• Requirement:
Where the records below show a line containing "Vintage Set of", start copying; end with the line containing "Dog car seat", and copy it too.

• Input data:
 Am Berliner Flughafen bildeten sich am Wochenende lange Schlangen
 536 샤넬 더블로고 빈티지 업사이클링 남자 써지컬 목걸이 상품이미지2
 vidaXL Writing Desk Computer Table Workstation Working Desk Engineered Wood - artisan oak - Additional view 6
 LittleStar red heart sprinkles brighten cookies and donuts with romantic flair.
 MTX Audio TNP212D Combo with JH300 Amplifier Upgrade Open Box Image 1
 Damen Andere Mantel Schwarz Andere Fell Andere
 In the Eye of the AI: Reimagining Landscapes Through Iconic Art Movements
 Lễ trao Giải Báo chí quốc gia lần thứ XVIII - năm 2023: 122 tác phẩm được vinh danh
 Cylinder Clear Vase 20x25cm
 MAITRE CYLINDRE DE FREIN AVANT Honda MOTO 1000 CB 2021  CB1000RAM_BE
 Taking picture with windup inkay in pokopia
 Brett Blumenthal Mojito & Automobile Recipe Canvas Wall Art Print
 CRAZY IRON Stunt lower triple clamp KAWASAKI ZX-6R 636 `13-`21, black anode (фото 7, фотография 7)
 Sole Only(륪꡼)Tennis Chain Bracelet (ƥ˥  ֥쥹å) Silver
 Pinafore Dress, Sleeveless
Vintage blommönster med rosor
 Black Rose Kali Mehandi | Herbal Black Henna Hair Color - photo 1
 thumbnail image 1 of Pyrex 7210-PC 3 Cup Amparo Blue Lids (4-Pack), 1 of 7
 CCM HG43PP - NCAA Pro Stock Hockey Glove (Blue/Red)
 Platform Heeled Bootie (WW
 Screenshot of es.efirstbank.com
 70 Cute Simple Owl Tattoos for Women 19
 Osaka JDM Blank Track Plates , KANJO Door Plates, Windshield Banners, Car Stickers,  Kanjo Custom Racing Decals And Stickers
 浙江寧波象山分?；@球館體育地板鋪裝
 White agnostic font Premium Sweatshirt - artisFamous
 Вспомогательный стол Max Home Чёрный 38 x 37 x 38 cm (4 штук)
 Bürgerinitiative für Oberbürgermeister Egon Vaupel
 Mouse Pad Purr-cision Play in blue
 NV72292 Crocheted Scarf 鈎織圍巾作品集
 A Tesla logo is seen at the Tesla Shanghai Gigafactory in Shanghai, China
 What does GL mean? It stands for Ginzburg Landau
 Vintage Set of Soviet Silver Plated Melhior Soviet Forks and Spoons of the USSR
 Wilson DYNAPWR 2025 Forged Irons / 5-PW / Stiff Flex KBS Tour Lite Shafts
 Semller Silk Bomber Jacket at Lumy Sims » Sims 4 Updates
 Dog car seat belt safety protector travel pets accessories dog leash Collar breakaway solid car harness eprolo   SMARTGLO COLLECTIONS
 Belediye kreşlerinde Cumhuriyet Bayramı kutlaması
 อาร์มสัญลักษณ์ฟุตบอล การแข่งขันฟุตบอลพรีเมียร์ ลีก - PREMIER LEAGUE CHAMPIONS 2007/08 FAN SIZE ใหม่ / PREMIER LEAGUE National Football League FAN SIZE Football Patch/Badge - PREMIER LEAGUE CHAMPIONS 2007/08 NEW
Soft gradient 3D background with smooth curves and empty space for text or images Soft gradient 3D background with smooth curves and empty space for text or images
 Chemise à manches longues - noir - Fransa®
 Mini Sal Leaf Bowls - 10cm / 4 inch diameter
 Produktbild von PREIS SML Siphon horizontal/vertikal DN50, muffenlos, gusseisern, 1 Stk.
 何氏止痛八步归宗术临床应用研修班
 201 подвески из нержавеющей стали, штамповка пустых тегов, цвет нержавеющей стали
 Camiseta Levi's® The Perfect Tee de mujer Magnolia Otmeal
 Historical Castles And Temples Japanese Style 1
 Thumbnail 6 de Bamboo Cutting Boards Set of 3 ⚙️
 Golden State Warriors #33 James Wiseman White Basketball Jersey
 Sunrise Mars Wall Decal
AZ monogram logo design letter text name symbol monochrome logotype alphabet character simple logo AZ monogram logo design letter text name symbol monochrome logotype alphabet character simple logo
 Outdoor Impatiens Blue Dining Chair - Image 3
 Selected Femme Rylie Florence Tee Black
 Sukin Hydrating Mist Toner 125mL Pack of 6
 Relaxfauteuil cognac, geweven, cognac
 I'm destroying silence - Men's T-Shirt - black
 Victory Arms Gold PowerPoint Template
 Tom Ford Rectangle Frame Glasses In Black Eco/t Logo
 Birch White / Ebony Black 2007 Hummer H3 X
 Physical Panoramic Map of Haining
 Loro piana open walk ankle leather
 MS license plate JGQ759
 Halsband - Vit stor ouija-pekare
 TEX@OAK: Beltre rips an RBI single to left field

• The completed task:
 Vintage Set of Soviet Silver Plated Melhior Soviet Forks and Spoons of the USSR
 Wilson DYNAPWR 2025 Forged Irons / 5-PW / Stiff Flex KBS Tour Lite Shafts
 Semller Silk Bomber Jacket at Lumy Sims » Sims 4 Updates
 Dog car seat belt safety protector travel pets accessories dog leash Collar breakaway solid car harness eprolo   SMARTGLO COLLECTIONS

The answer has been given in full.